Noam Chomsky Killed Aaron Swartz.
‘Lobbyists are only interested in money. Activists are only interested in power. Sometimes a great nexus of corruption thrusts forth a figure of genius, such as Al Gore, who dazzles us with a talent for both.’
<http://unqualified-reservations.blogspot.com/2013/01/noam-chomsky-killed-aaron-swartz.html>
Roland Dobbins
The article claims that Aaron Swartz was enamored of the views of Noam Chomsky, and this self deception was the cause of his death. It is an interesting view, but it sheds far more light on the views of Mr. Chomsky than those of Mr. Swartz.
I will say from the beginning that I was never a great fan of Aaron Swartz and his circle of friends, and of course I believe in copyright and intellectual property rights. I am also a great fan of the Constitution of 1787, which does not grant the Federal Government the right to issue monopolies except under certain conditions. In the England of 1787 – which is to say England after the Civil War, England after the Glorious Revolution of 1688 with its Bill of Rights – still accepted that great powers resided in the sovereignty of the Crown. There was some dispute as to how much of the power of the Crown resided in the King (and his appointed ministers) and how much had passed to Parliament, but there were few who dissented from the notion that government had great power over its subjects.
The Declaration of Independence challenged that notion. To the Declaration, governments derived their just powers from the consent of the governed, and nowhere else. The Convention of 1787 never made that declaration, although many of those who sat through those hot days of a Philadelphia summer accepted it; but they explicitly said that no such residuum of sovereign power was vested in the Federal Government.
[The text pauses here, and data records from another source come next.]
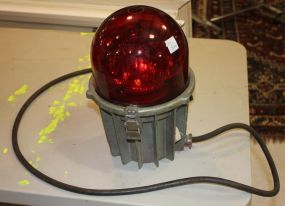 Vintage Emergency Light does work, 14"w., 9"dia.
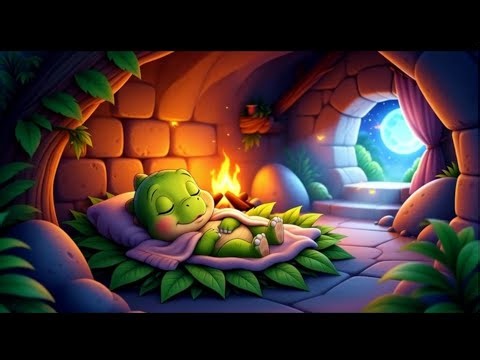Dreamy Night, Drift Away – Cute Dino Lullaby for Deep Sleep 🌙🦕✨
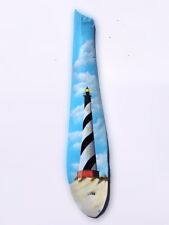 Cape Hatteras NC Lighthouse hand painted Palm Tree Frond Outer banks lighthouses picture
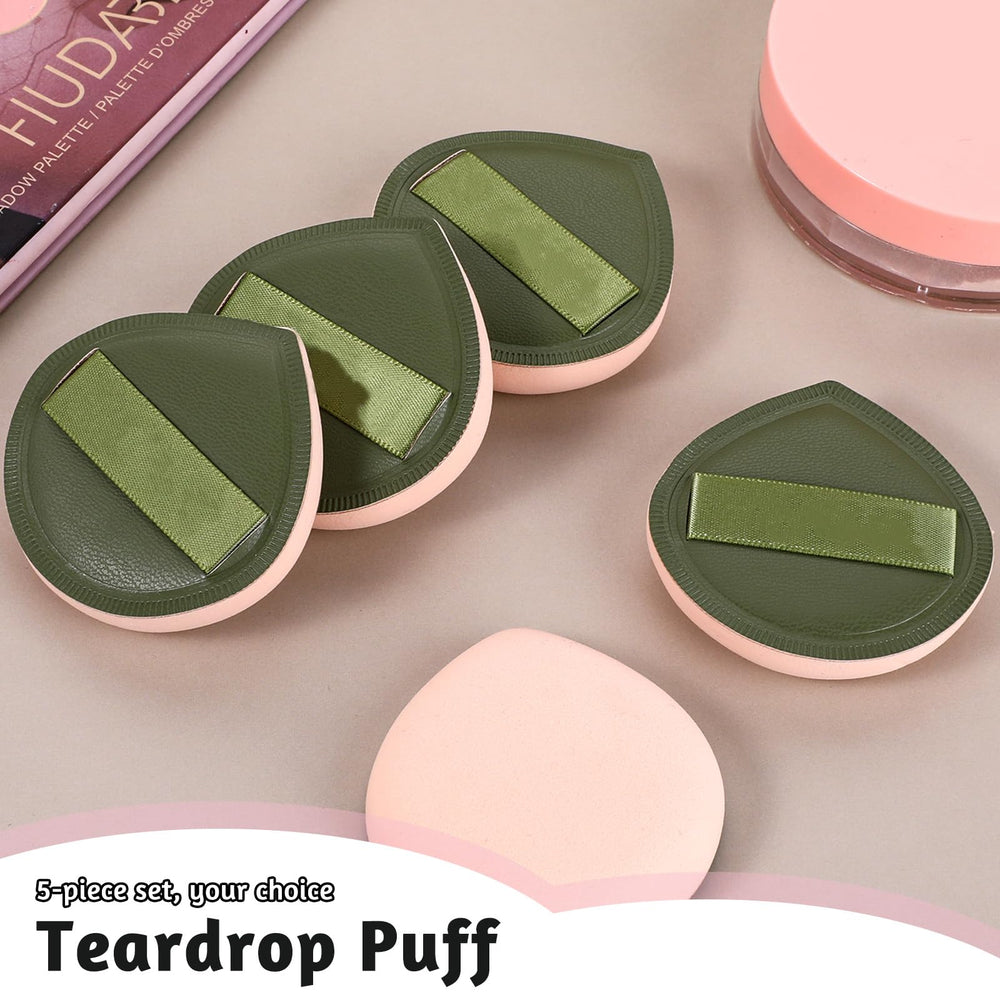 ZEYIYER 13mm widened ribbon puff - easier grip for steady makeup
To the extent that there were unspecified powers they were reserved to the states of the people. This wasn’t in the exact wording of the Constitution – although Hamilton insisted that they were a logical implication – so the words were added to the Bill of Rights, so they might as well have been. Hamilton said there was no need for a Bill of Rights because the general government had no powers not explicitly granted in the Constitution, and he would have considered the notion of emanations from penumbras the ravings of a mad tyrant.
One of the residual powers definitely not granted to the general government – the feds – was the power to issue monopolies, either by Executive Decree (Executive Order, Royal Rescript, whatever you want to call it) of by Act of Congress.
One power was explicitly given:
“The Congress shall have power … To promote the Progress of Science and useful Arts, by securing for limited Times to Authors and Inventors the exclusive Right to their respective Writings and Discoveries.
Note that nothing was said about intellectual property.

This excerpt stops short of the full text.